Ablation studies on core architectural hyperparameters (clusters $M$ , heads $H$ , MLP expansion) reveal broad insensitivity, with optimality typically reached with low numbers (e.g., $M=4$ , $H=8$ ). Further, swapping the final aggregation mechanism (mean, attention, gated) demonstrates that the gains are predominantly secured during the context-aware encoding phase, not aggregation—showing CAPRMIL's broad modularity.
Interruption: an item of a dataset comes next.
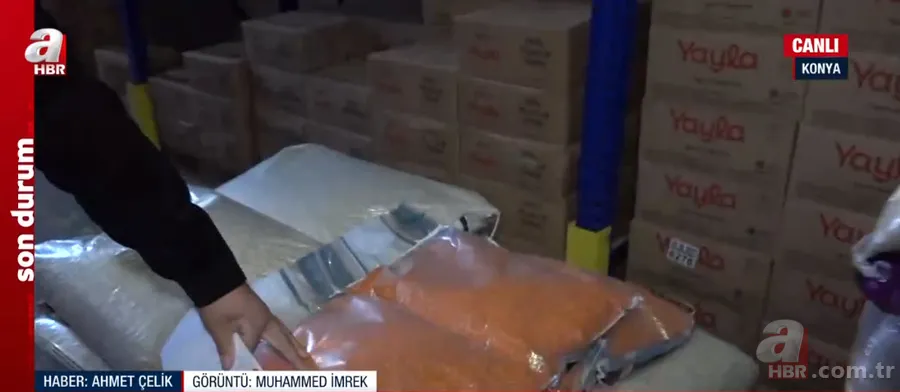 Bakliyatta tarladan sofraya fiyat uçurumu! A Haber tek tek görüntüledi 6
Implications and Future Directions

CAPRMIL’s design leads to several direct theoretical and practical implications for MIL in computational pathology:

Separation of Correlation Learning from Aggregator: By leveraging context-aware patch encodings, later aggregation steps can be greatly simplified, creating avenues for highly efficient, interpretable, and easily modifiable MIL pipelines.
Translational Potential: Linear scaling is crucial for clinical-scale WSI pipelines, particularly as slide sizes and cohort numbers grow. CAPRMIL, decoupled from expensive per-slide optimization of attention heads, is readily extensible to multi-modal or multi-resolution MIL.
Link to Operator Learning: The architectural parallel to PDE neural solvers signals a new methodological bridge between computational physics and digital pathology, envisioning further methodological innovation around context modeling.
Interpretability: Morphologically faithful clustering points toward more reliable per-region interpretation, helping address concerns with lack of trust in soft attention scores and boosting clinical acceptability.
Figure 5: Additional token–patch assignment heatmaps indicating robust, interpretable clustering across test slides.

Conclusion

CAPRMIL demonstrates that efficient, context-aware patch tokenization fundamentally advances MIL for WSI analysis: context modeling at the embedding level removes dependence on high-parameter, computation-heavy aggregators, yielding robust, modular, and efficient pipelines. Future developments could leverage this framework for multimodal integration, uncertainty quantification, and scaling to even higher dimensional biomedical datasets.